(Dataset entries)
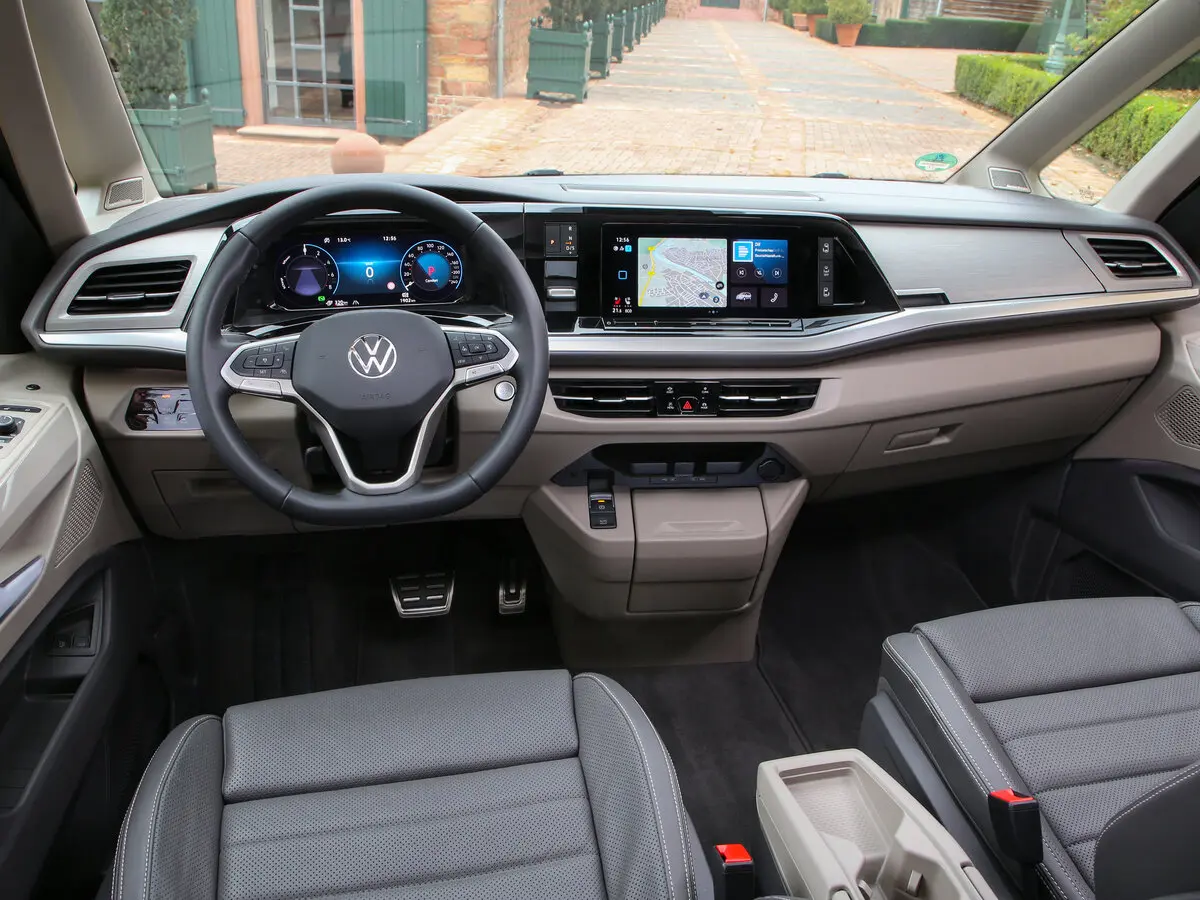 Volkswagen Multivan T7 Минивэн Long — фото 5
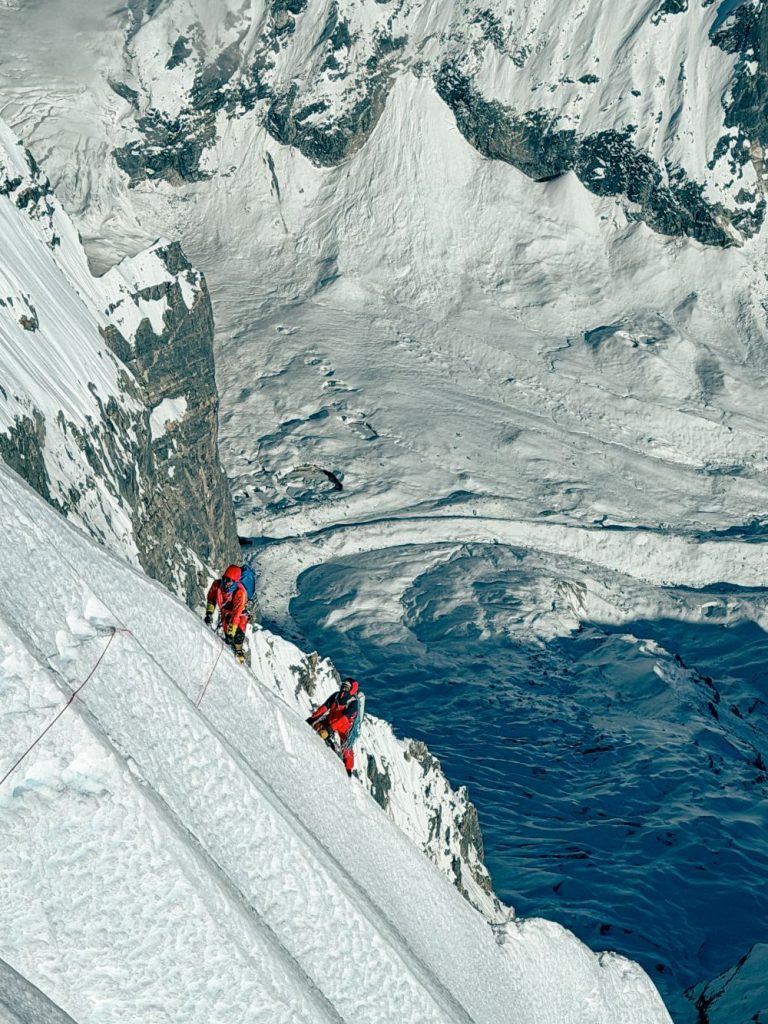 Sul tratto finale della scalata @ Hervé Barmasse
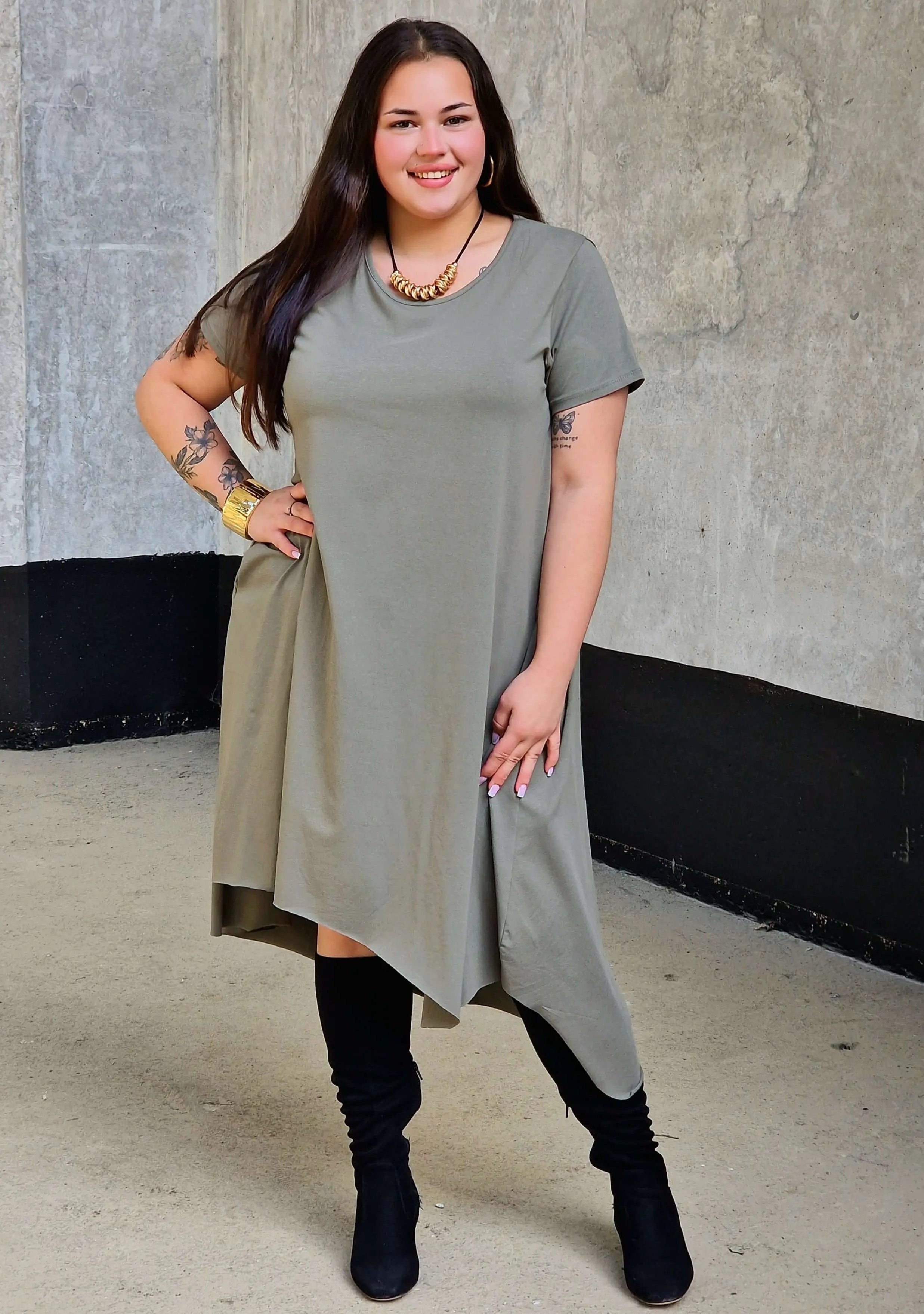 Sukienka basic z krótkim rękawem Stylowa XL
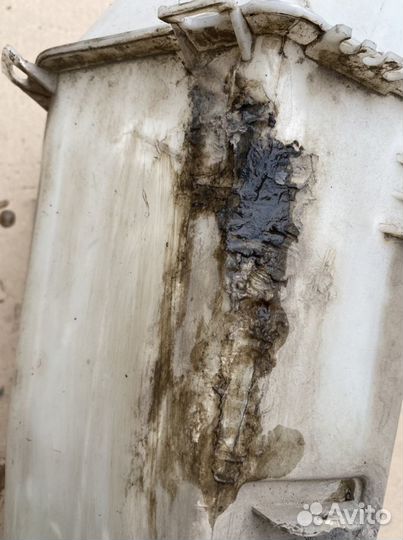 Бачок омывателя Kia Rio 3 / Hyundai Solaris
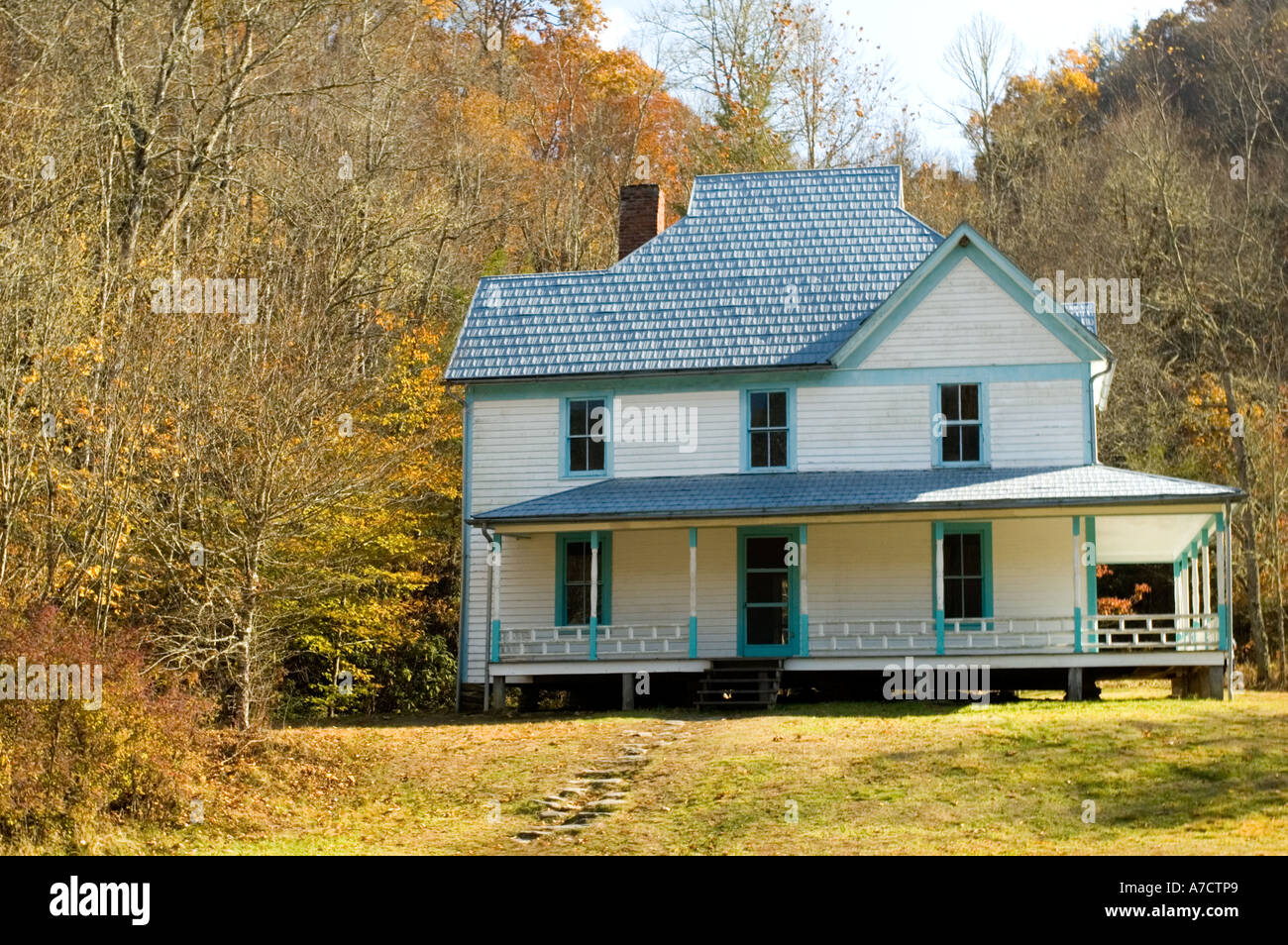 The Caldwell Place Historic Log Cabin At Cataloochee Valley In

Activity: Would you mind repeating the records above exactly, without the pictures?

Response to this task:
 Volkswagen Multivan T7 Минивэн Long — фото 5
 Sul tratto finale della scalata @ Hervé Barmasse
 Sukienka basic z krótkim rękawem Stylowa XL
 Бачок омывателя Kia Rio 3 / Hyundai Solaris
 The Caldwell Place Historic Log Cabin At Cataloochee Valley In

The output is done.